I am reminded of a story of small act of grace that I once heard preached by a Pastor I served with, named Tiffany. The summer Tiffany left for college, she found herself struggling with brokenness in many forms. She was on the brink of moving from adolescence to adulthood as she left her family home in Ohio and moved 1000 miles away to Massachusetts. In the midst of all of these transitions, losses and change, she prayed for things to get better. But they didn’t. No matter how diligently Tiffany prayed, nothing changed. The hurt, the fear, the uncertainty and grief were all still there.

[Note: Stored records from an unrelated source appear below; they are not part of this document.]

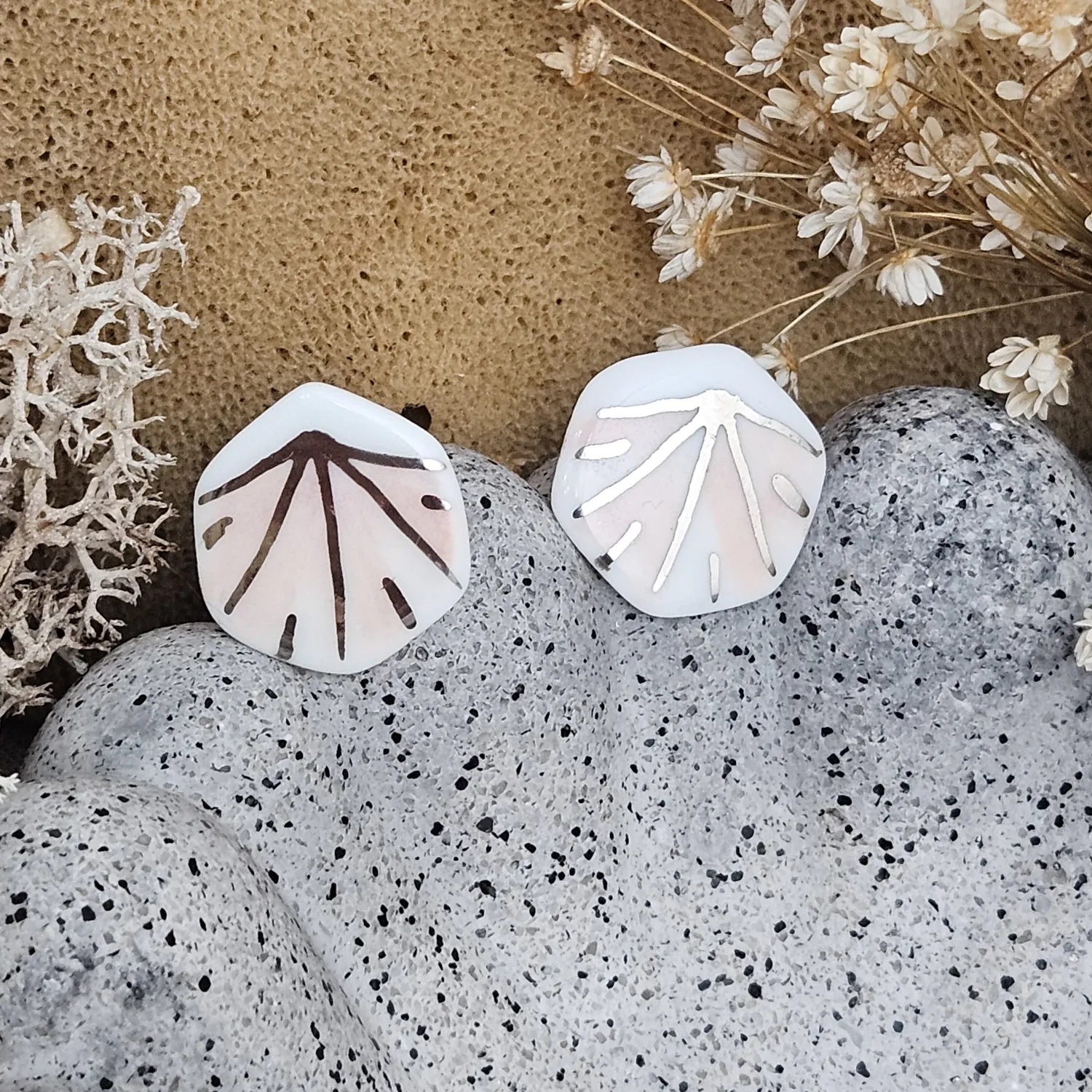 Rose pink fine ceramic porcelain hypoallergenic stud designer earrings for sensitive ears - hand-painted artisan geometric shell pattern with silver accents (white gold)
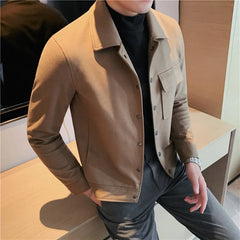 Hehope Brand Clothing Men Spring High Quality Casual Woollen Jackets/Male Fashion Solid Color Slim Fit Short Casual Coats S-3XL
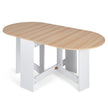 Rund – fällbord, balkongbord, fällbart trädgårdsbord för 4‑7 personer vitt – 163 x 80 x 75 cm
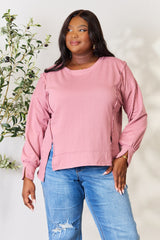 Culture Code Round Neck Exposed Seam Slit Top - Versatile & Comfortable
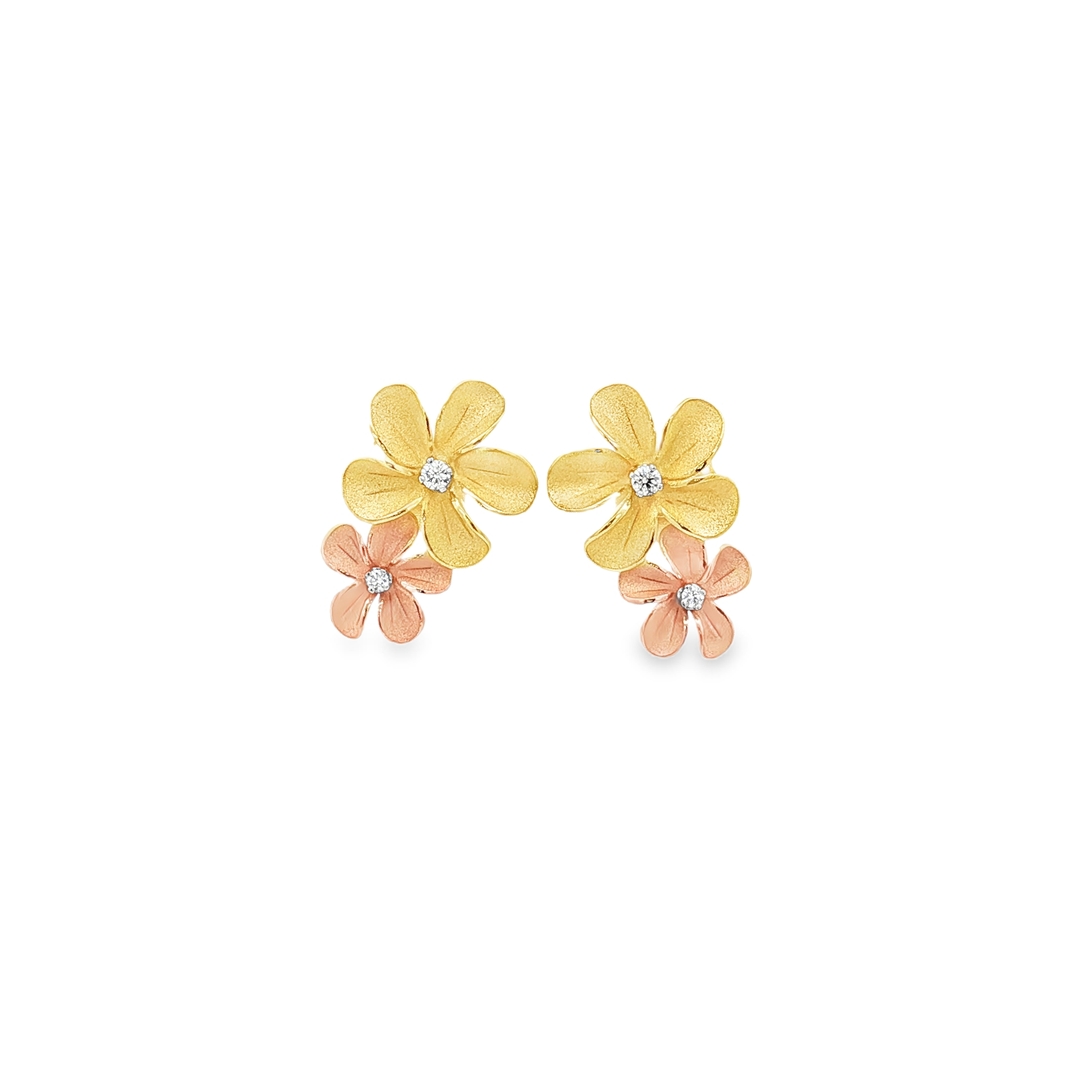18K Yellow Sunrise and Pink Champagne Diamond Flower Earrings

It was during a United Methodist Youth Fellowship retreat that she found a measure of grace to get her through. They had celebrated communion late at night, in the darkened cavernous sanctuary. Passing the bread and cup as they knelt in front of the hard wooden communion rail, she began to pray. She prayed and prayed, begging God for forgiveness and deliverance. She confessed any and all possible sins she thought she could have committed and literally threw herself at God’s mercy. Tears streamed down er face as she confronted her own pain and sorrow, feeling so very unworthy at the table. “Maybe I just didn’t belong,” she thought, “Maybe I am not good enough for God to heal my wounds.”
As she wept in prayer, Jerry came and sat beside her. Jerry was chronologically the oldest member of the youth fellowship at 45 years of age. But his severe form of autism rendered him emotionally the youngest among us. He put his arm around Tiffany’s shoulder and said, “What’s wrong? Can I help you?” As much as she appreciated his concern, Tiffany knew only God could help her now. Then her youth pastor came and sat beside me and said, “What’s wrong? Can I help you?” Tiffany couldn’t bring myself to confess my sense of unworthiness and so again, she sent her away. Finally, Tiffany’s best friend came and sat with her and said, “What’s wrong? Can I help you?” Tiffany didn’t have words for how she felt or even know at that moment what she needed. But in her embrace, Tiffany felt something subtly shift and her tears subsided. “What I found in that moment,” said Tiffany, “was a small measure of grace to get me through. It would be over the next several years that I would begin to piece together the meaning of that night and begin to make sense out what happened. What I experience was not a miraculous healing … but a measure of grace from my community of friends through Christ.”
Let us pray today: Our Father which art in heaven, Give us this day our daily bread. That we might no longer be jealous of what our neighbors have, that we might no longer be focused on what we ourselves lack, that we may receive your love and grace and know that, for today, it is enough.